Short web captions:
....................
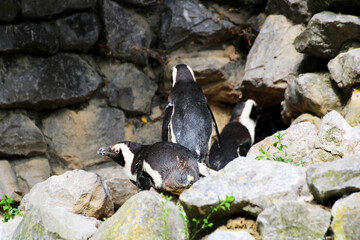 Capturing the Charm of Penguins, Photography at Burgers' Zoo.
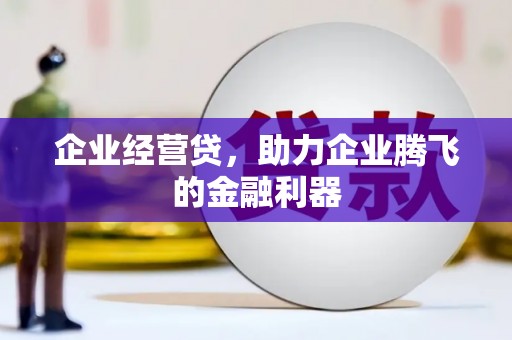 双河企业经营贷，助力企业腾飞的金融利器
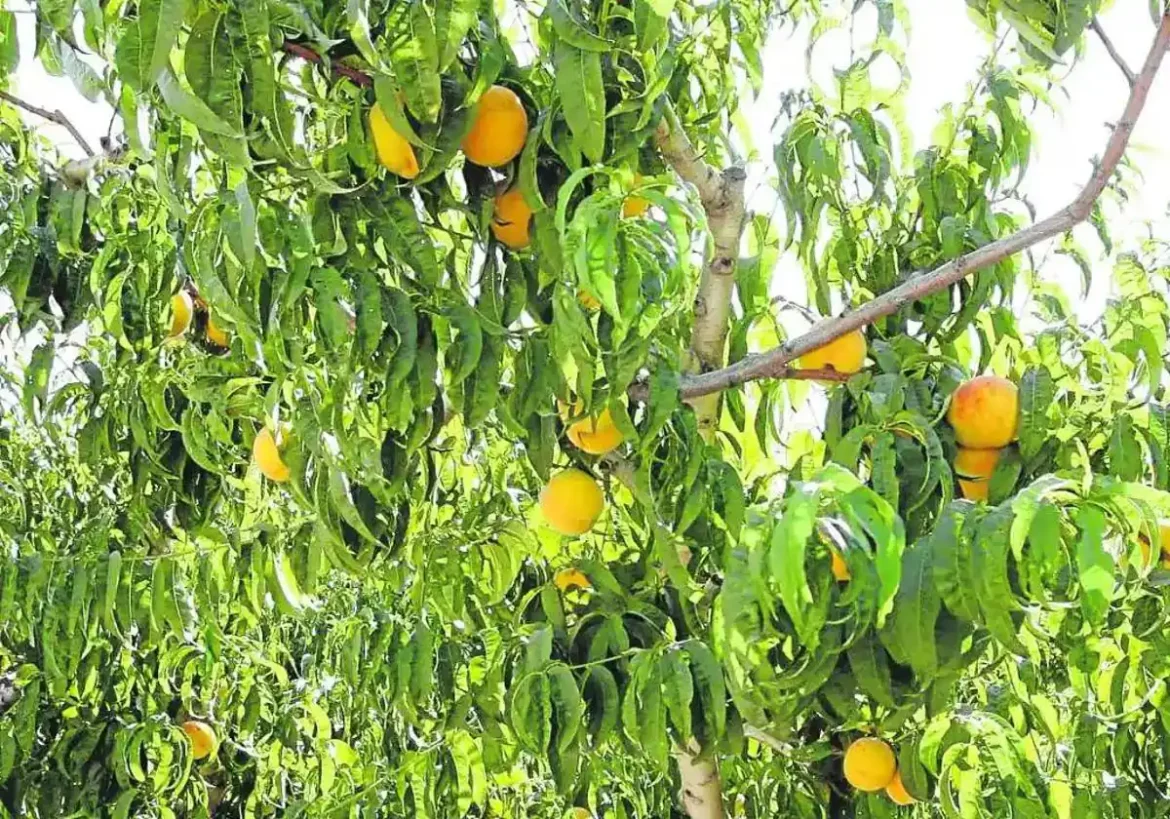 Más de 4.500 productores de frutales murcianos recibirán del Estado 4,3 millones en ayudas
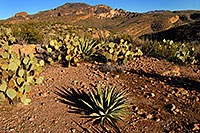 /images/133/2008-02-09-supers-9788.jpg - #04765: Agave Plant (center) and Prickly Pears in Superstition Mountains … Feb 2008 -- Tortilla Flat Trail, Superstitions, Arizona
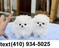 Click to view classifieds OLXDQSYP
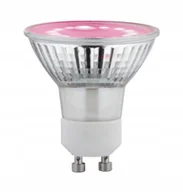 Żarówki LED - Paulmann Żarówka do roślin Grow Plant GU10 Led 3,5W 1100K - miniaturka - grafika 1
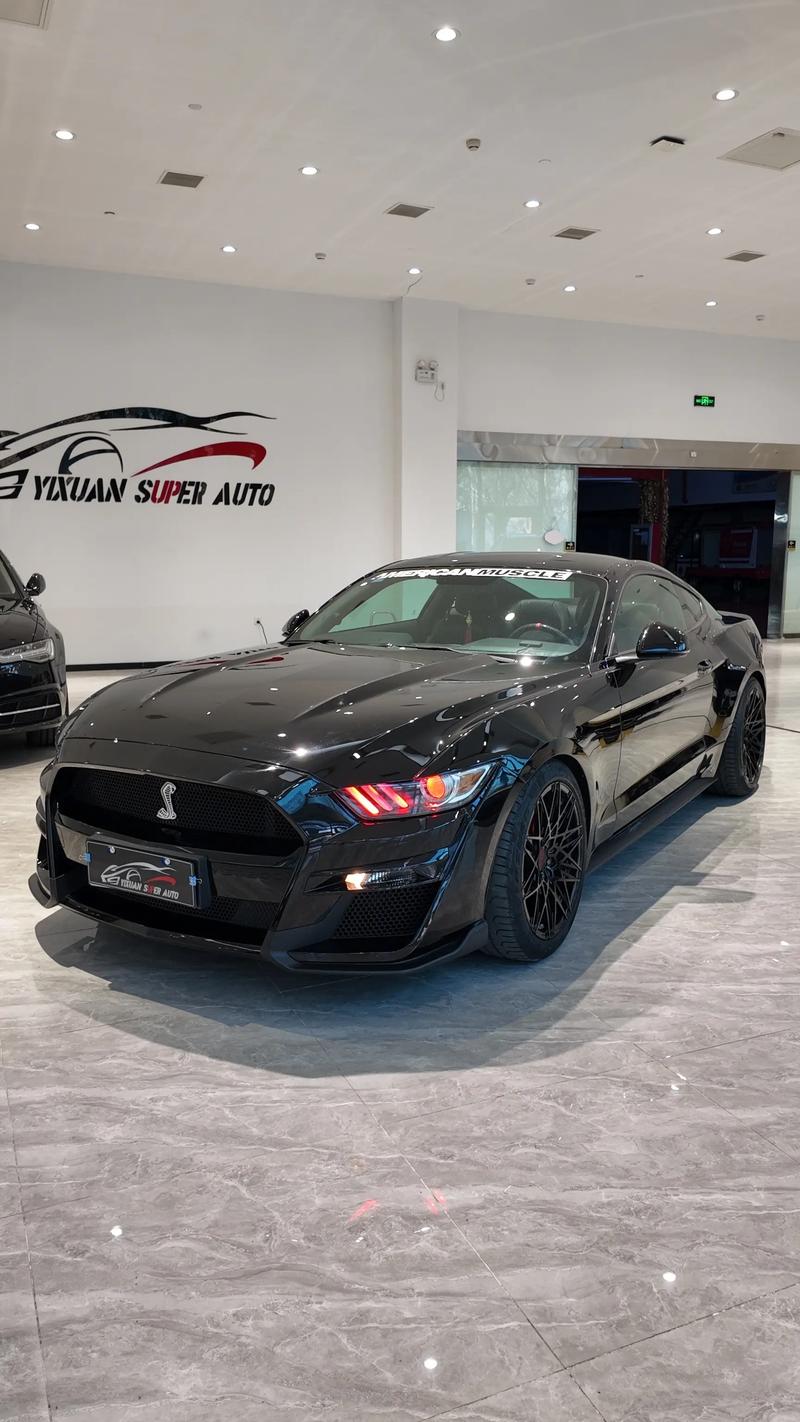 16款野马二手大概多少钱／16款野马二手大概多少钱一辆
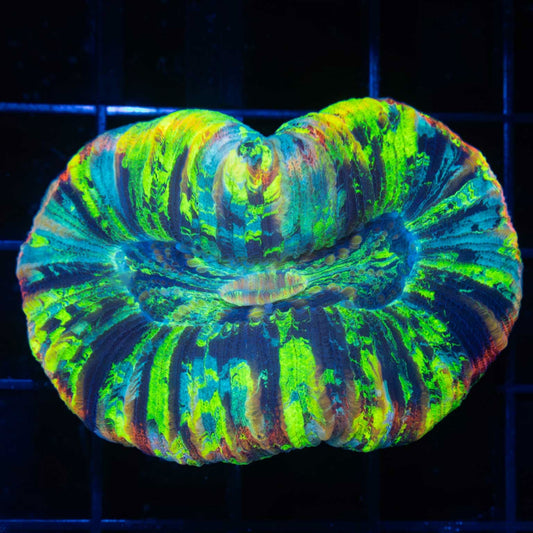 Highlighter Rainbow Trachyphyllia 2.5" (Bright!)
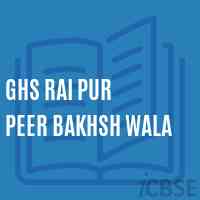 Ghs Rai Pur Peer Bakhsh Wala Secondary School Logo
....................
◆ **Try it**: An exact copy of all the entries is required, and it must contain no pictures.

◆ **Written response**:
 Capturing the Charm of Penguins, Photography at Burgers' Zoo.
 双河企业经营贷，助力企业腾飞的金融利器
 Más de 4.500 productores de frutales murcianos recibirán del Estado 4,3 millones en ayudas
 /images/133/2008-02-09-supers-9788.jpg - #04765: Agave Plant (center) and Prickly Pears in Superstition Mountains … Feb 2008 -- Tortilla Flat Trail, Superstitions, Arizona
 Click to view classifieds OLXDQSYP
 Żarówki LED - Paulmann Żarówka do roślin Grow Plant GU10 Led 3,5W 1100K - miniaturka - grafika 1
 16款野马二手大概多少钱／16款野马二手大概多少钱一辆
 Highlighter Rainbow Trachyphyllia 2.5" (Bright!)
 Ghs Rai Pur Peer Bakhsh Wala Secondary School Logo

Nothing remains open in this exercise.